» **Exercise objective**: Word for word, transcribe the data below from the line with "New 2025 Porsche Macan S image 5" to the line with "おやじ - ラうんまいラーメン", keeping both of those lines.

═════ Exercise data ═════

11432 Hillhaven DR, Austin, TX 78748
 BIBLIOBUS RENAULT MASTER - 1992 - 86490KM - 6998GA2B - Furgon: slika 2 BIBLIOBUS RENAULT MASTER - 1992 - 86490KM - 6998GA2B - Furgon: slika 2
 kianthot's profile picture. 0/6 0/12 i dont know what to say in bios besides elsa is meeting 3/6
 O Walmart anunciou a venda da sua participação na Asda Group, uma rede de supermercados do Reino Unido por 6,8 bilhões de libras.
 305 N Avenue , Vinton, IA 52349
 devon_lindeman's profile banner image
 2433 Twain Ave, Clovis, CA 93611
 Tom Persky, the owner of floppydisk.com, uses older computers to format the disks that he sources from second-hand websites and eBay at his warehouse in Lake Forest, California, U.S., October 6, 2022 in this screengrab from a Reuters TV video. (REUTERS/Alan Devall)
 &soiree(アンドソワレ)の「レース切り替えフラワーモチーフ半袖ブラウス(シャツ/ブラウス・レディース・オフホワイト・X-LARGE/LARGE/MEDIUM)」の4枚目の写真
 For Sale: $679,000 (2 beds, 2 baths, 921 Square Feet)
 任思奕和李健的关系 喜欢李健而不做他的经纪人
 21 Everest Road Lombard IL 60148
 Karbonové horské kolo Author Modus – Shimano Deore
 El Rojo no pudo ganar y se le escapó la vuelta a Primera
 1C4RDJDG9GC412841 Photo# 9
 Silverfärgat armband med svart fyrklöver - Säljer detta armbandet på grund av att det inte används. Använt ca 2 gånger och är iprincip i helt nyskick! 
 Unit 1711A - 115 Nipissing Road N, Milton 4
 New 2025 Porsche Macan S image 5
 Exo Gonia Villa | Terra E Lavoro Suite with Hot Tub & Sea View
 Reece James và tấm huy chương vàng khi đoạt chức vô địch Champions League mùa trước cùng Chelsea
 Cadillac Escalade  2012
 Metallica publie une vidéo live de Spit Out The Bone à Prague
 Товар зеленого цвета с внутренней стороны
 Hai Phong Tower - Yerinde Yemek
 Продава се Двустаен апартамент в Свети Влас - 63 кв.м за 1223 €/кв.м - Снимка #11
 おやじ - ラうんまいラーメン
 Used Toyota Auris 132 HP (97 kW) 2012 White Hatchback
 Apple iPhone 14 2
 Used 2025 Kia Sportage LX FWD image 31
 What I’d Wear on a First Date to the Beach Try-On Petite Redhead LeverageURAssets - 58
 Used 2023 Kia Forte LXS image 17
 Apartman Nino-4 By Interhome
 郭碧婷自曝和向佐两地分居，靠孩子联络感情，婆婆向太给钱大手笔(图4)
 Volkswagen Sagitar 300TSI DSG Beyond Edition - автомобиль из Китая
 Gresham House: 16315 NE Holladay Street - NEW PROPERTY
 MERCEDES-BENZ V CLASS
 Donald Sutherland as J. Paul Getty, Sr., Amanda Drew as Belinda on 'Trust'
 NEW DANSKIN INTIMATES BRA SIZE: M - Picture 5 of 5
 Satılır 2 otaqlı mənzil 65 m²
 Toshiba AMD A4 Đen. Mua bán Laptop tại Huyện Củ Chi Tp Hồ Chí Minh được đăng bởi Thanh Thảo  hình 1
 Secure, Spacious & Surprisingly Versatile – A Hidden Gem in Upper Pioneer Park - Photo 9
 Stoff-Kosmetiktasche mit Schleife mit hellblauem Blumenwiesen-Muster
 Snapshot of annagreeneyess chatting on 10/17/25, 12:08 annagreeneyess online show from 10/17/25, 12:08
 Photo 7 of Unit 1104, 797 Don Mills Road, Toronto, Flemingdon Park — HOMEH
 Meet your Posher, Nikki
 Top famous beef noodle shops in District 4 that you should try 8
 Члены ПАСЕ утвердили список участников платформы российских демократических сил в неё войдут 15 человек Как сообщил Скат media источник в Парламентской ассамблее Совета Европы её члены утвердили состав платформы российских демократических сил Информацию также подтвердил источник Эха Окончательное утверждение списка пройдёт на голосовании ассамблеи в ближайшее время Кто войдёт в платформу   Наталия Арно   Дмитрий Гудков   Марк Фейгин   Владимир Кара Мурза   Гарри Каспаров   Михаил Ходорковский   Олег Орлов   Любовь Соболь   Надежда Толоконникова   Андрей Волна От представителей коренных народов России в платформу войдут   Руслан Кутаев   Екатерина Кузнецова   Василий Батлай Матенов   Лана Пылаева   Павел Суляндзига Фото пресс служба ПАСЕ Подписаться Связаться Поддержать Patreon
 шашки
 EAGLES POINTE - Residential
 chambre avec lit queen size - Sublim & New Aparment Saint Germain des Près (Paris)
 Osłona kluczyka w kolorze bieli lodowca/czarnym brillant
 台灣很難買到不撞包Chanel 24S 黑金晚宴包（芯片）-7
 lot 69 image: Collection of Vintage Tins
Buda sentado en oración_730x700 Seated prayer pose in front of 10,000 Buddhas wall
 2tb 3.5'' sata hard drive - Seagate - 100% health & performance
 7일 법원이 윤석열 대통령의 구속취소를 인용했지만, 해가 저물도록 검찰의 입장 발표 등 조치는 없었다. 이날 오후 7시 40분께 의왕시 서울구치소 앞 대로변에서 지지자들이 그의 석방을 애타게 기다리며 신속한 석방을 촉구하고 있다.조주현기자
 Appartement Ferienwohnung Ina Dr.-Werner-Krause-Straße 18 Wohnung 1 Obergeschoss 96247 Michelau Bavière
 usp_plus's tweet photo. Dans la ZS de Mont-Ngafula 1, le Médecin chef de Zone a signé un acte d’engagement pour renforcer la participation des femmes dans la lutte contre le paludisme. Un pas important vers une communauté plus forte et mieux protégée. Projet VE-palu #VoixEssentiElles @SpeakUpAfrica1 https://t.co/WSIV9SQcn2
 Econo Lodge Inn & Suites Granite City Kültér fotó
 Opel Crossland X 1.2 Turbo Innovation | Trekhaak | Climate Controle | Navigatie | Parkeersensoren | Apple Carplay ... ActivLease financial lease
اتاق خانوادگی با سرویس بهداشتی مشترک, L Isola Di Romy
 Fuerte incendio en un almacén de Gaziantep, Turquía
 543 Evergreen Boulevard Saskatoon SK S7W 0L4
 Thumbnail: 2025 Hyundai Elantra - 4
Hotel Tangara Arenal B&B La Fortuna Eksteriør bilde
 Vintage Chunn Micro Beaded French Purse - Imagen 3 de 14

═════

» **Exercise solution**:
 New 2025 Porsche Macan S image 5
 Exo Gonia Villa | Terra E Lavoro Suite with Hot Tub & Sea View
 Reece James và tấm huy chương vàng khi đoạt chức vô địch Champions League mùa trước cùng Chelsea
 Cadillac Escalade  2012
 Metallica publie une vidéo live de Spit Out The Bone à Prague
 Товар зеленого цвета с внутренней стороны
 Hai Phong Tower - Yerinde Yemek
 Продава се Двустаен апартамент в Свети Влас - 63 кв.м за 1223 €/кв.м - Снимка #11
 おやじ - ラうんまいラーメン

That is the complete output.